**ASSIGNMENT:** Start at the line below containing "Unisex Mastiff Twill Hat" and stop at the line containing "Moradia T5 à". Repeat every line of that stretch exactly, and nothing outside it.

SUPPLIED MATERIAL Block Start

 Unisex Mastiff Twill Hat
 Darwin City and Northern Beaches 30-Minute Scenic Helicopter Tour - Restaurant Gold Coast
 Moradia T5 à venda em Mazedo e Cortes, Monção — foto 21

SUPPLIED MATERIAL Block End
SUPPLIED MATERIAL Block Start

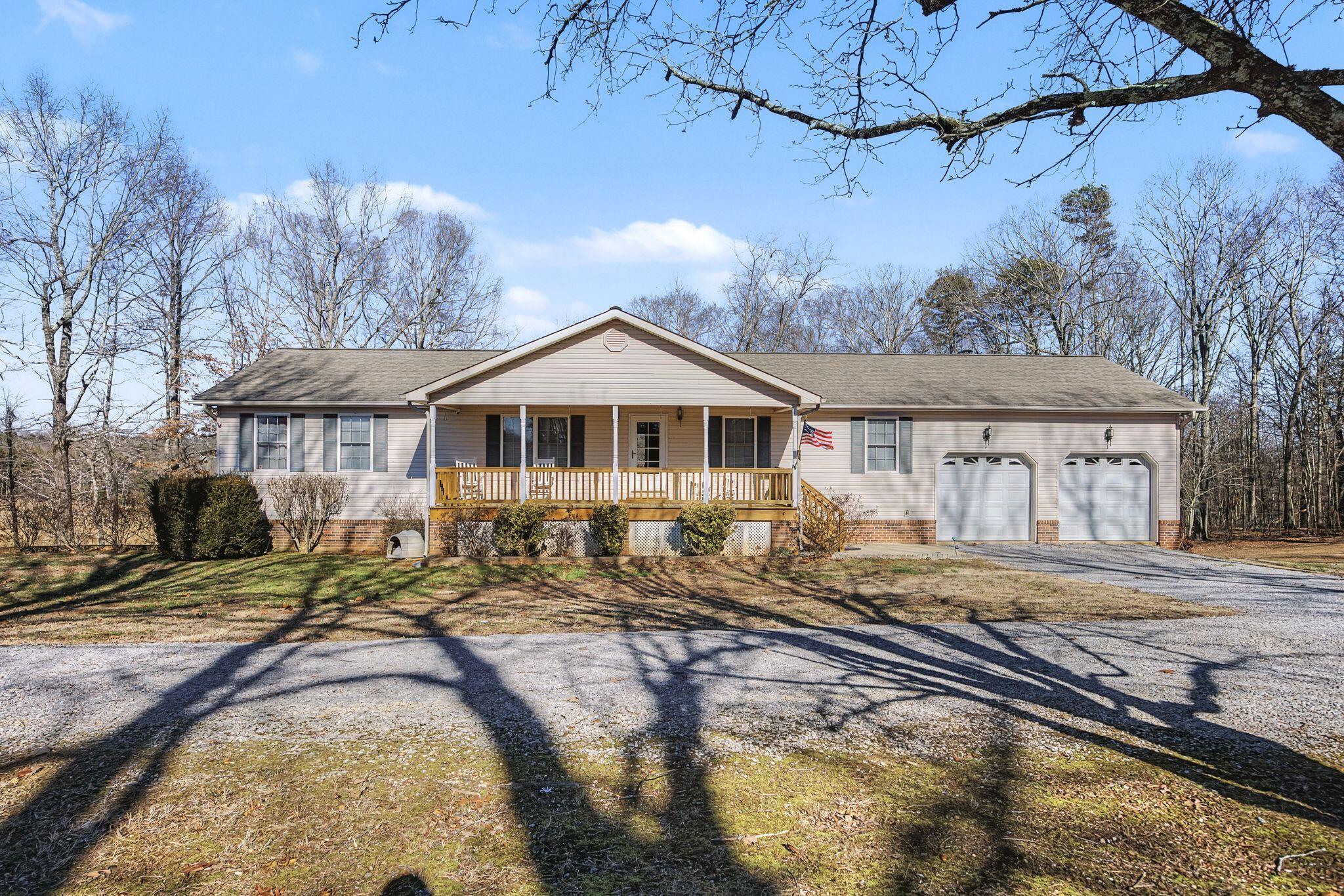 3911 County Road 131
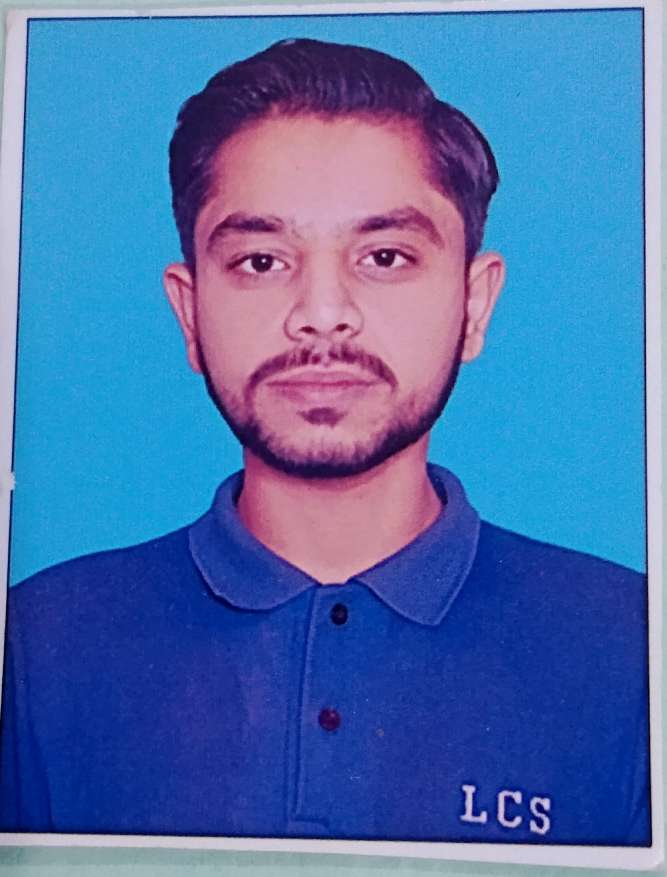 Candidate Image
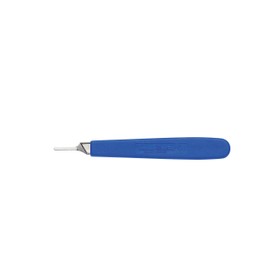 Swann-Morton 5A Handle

SUPPLIED MATERIAL Block End

**RESPONSE AREA:**
 Unisex Mastiff Twill Hat
 Darwin City and Northern Beaches 30-Minute Scenic Helicopter Tour - Restaurant Gold Coast
 Moradia T5 à venda em Mazedo e Cortes, Monção — foto 21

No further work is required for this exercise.